Mercedes-Benz Ponton
Generator Wiring Harness

Douglas P. Broome / douglas.broome@verizon.net / McLean, Virginia USA



If you are reading this article because the title attracted you, STOP NOW!  Return immediately to your Mercedes-Benz Ponton and examine the wiring between the generator and the voltage regulator.  Determine its condition.  Are there three wires flopping around with no sheathing around the group?  Have individual wires previously been repaired?  Is the insulation casing cracked on one or more of the individual wires?  Are bare strands exposed?  Has plastic electrical tape been used to cover bare wire?  Have replacement connectors been crimped on?  Are the connection points rusted, corroded, crudded, etc., possibly inhibiting good electrical contact?  After your examination, return to this article.

These wires handle more current than any other wire in your Ponton save the battery cables. They take, additionally, a greater constant beating through vibration, flexing, and contamination than any others. The years take their toll perhaps more here than anywhere.

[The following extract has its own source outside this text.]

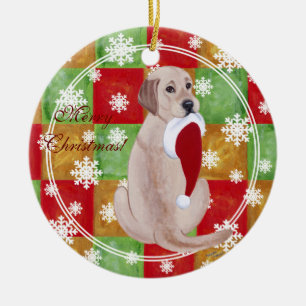 Personalised Yellow Lab Christmas Santa Hat Ceramic Tree Decoration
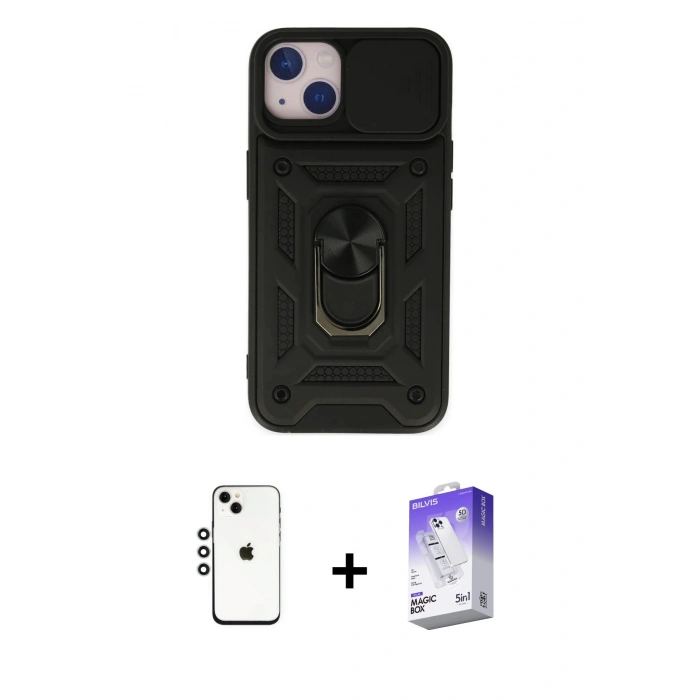 MARSİLYAN™- iPhone 14 Kılıf Ahenk Klasik - Siyah Bilvis 5in1 3D Magic Cam Ekran Koruyucu + Shine Kamera Lens - GS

If you find signs of deterioration, which you may do unless recently renewed, you have a serious potential threat. Fire, for one thing: they are not far from the carburetor(s) and the fuel feed. A broken wire shorting across the wrong connector, destroying the regulator or generator, is another. You should seriously consider installing new wires before doing anything else and before taking your next drive. This article describes what I did to fashion a new harness. Note that I am not presenting a way of making a harness that is made of original-type materials. I saw no real purpose in paying for originality, as I wanted functionality and safety that looked generally appropriate. Also I like the satisfaction of doing my own job. I leave purity for the authenticists, although later in the article I identify some sources for this purpose.

The three stranded wires were originally sheathed in a single cloth cross-hatched (braided?) harness. The individual wires themselves were sheathed in some sort of lacquer-covered cloth insulation. When Mercedes converted from cloth/lacquer-covered wire to plastic in the mid-1950s for most wiring, for reasons that are now unclear they continued to use lacquered cloth on the most important, unfused parts of the wiring system; e.g. generator harness, regulator to starter, to light switch, to dimmer switch, etc. These wires should be checked carefully.

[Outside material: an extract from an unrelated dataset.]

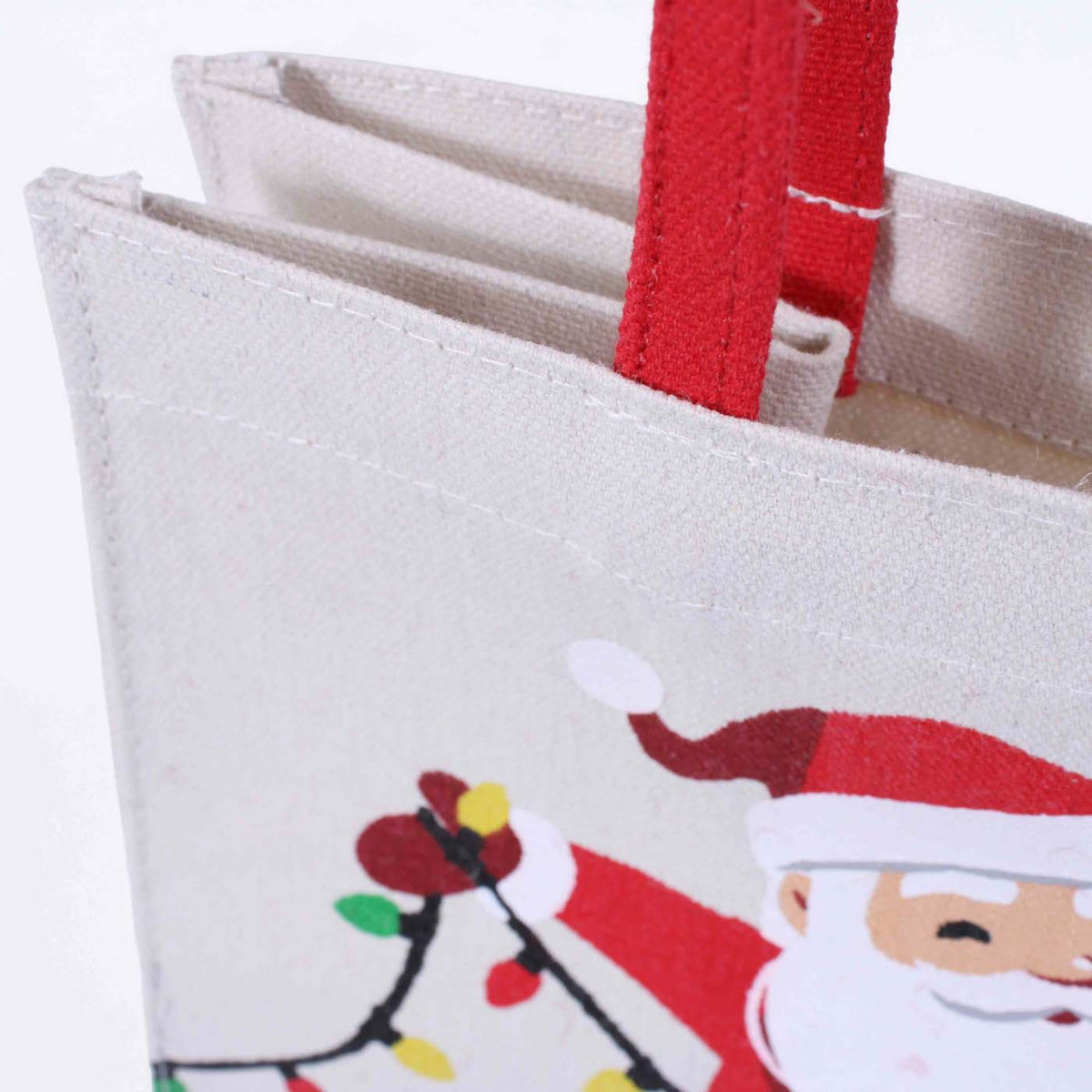 Borsina in canvas di cotone con Babbo Natale e pacchi, 25x12x25 cm (kit da 5)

The Service Manual Model 190, 190b (p. 54-4) depicts the original harness, and it applies to all Ponton gasoline models. It identifies the wire colors and gives their thickness in millimeters. In the following table I present them converted to American Wire Gauge (AWG) format rounded upwards to the nearest standard size available in the United States:

These AWG equivalents are slightly larger than the original millimeter wires. This provides an added margin of capacity.

Note that one never uses solid-core wire. Only stranded wire is appropriate for automotive purposes because of flexing requirements. Normally there are 19 strands in each wire regardless of gauge.

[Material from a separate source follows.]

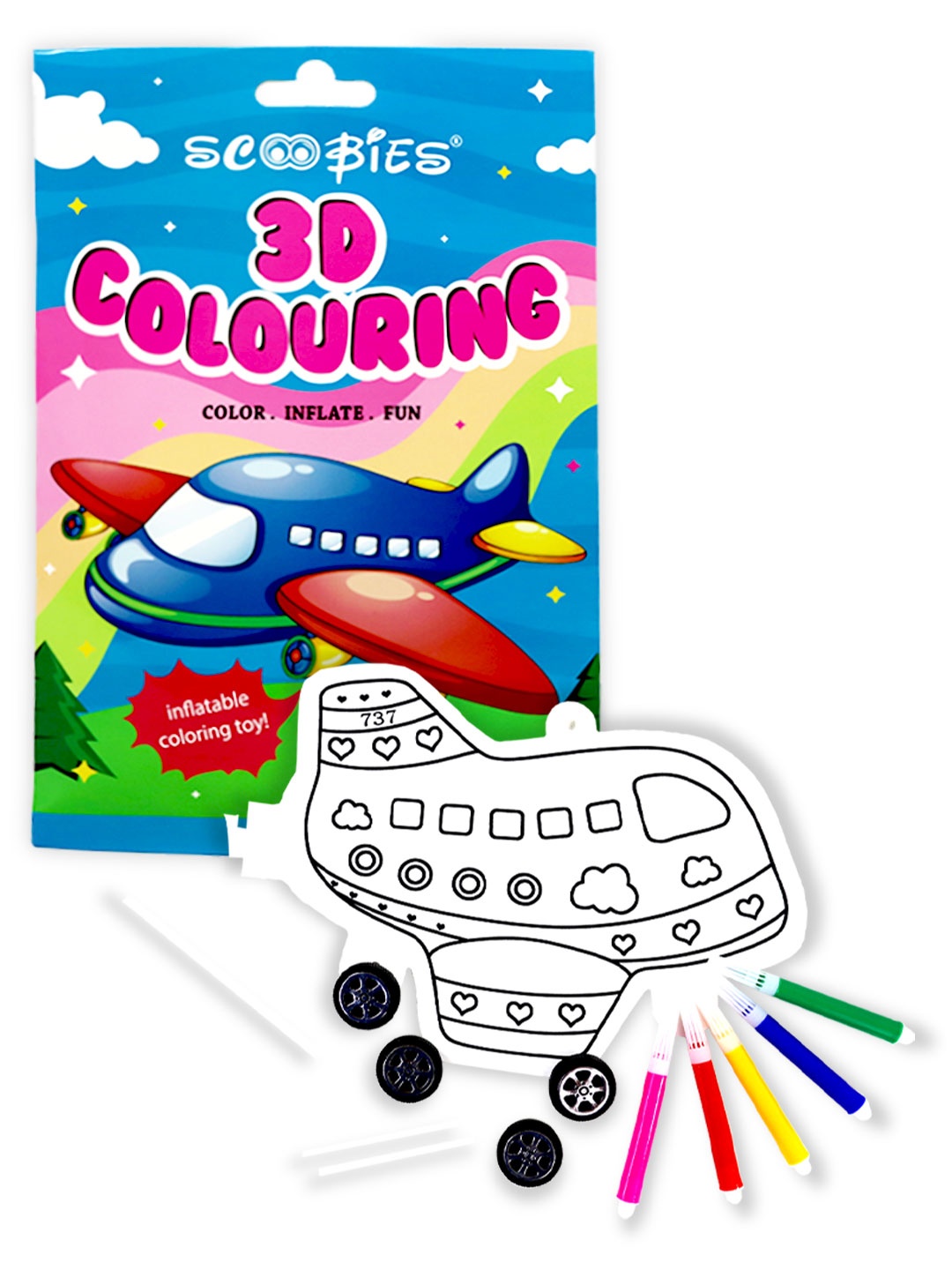 

SCOOBIES Kids White Inflatables Plane Activity Toys and Games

First, disconnect the battery. Then turn to the generator wires. When looking at the wiring, one finds that the nut on one of the generator posts will not come all the way off. It spins around at the end, so don’t try to force it off thinking it is being stubborn. From this post the black wire connects to a screw connector on the voltage regulator. That screw will loosen most of the way and spin, but it will not come all the way out. This too is deliberate; so don’t try to force it. Note the hook-type connectors on the black wire. This arrangement is purposeful so that only the black wire can connect to these two locations. Make a drawing of which color wire goes between which points. Remove the old harness. Save it for reference.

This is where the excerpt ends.